Image it first. A drive with bad sectors will produce read errors during the recovery scan, which can cause software to skip sectors, misalign stripe reconstruction, or stall entirely. ddrescue or RS RAID Retrieve's built-in imaging function will make multiple passes over problematic sectors, extracting as much data as possible, and produce a complete sector map showing which areas could not be read. The recovery scan then runs against the image — a static file — rather than the degrading physical drive, which protects against the drive deteriorating further during the hours-long scan operation. On a drive with bad sectors in an already-compromised RAID, this distinction matters.
Start fresh with new drives, and consider upgrading to SHR-2 if your NAS model supports it and you have four or more bays. The surviving drives in a double-failure scenario have been under sustained stress — running degraded with zero redundancy for some period, then subjected to the read load of recovery. Their S.M.A.R.T. data will tell you their actual condition, but even drives that pass S.M.A.R.T. checks have accumulated wear. Rebuilding a new array on the same hardware that just experienced a catastrophic failure is a risk that is difficult to justify when drives are the cheapest component in the system. For guidance on choosing the right RAID level for your use case, see our article on best RAID configurations for NAS.

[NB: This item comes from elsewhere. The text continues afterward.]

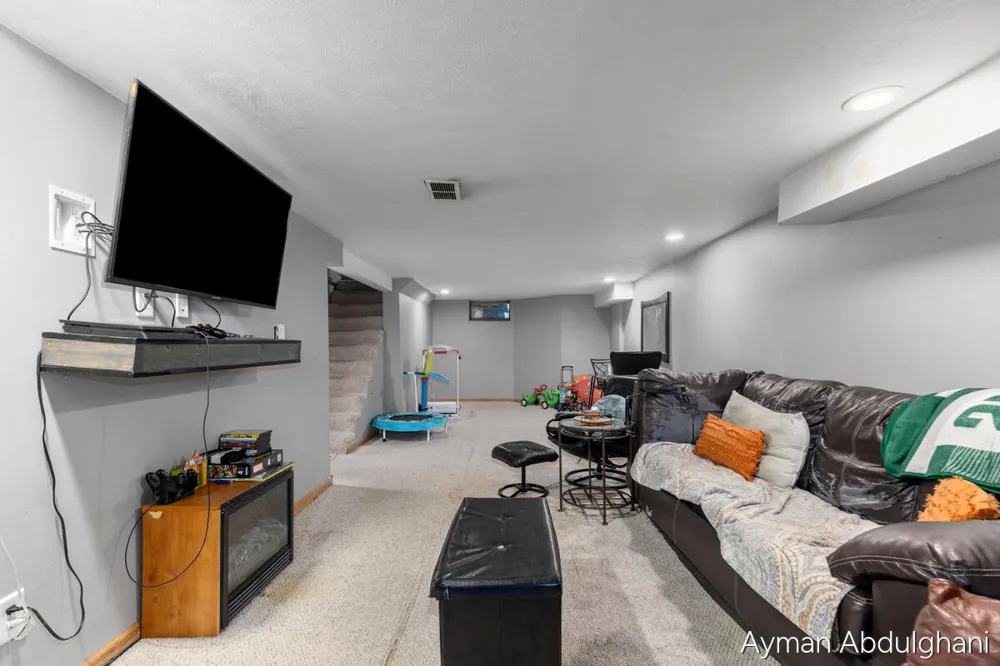 4248 Curwood Avenue SE Grand Rapids, MI 49508
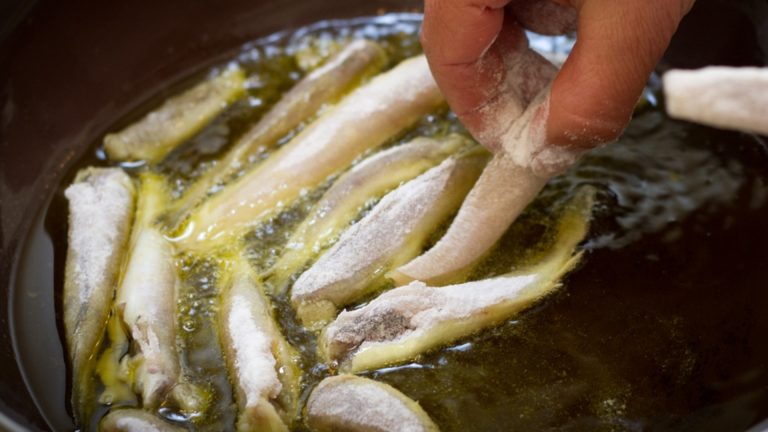 Пока вы неправильно жарили рыбу - вот как правильно это делать, чтобы она не придерживалась сковороды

Yes — this is the standard workflow when physical and logical recovery are combined. The lab produces sector-level images of each drive, delivering them as image files. RS RAID Retrieve can then work from these images exactly as it would from physically connected drives: it reads the mdadm superblocks from the images, reconstructs the SHR array configuration in RAID Constructor if needed, activates the LVM volume group, and presents the Btrfs or ext4 filesystem for recovery. The double-failure parity limitation still applies — stripes involving both failed drives are still unrecoverable — but everything else is accessible. The advantage of lab images is that they often recover sectors that were unreadable due to surface damage, which can meaningfully increase the proportion of recoverable files compared to working directly with a damaged drive.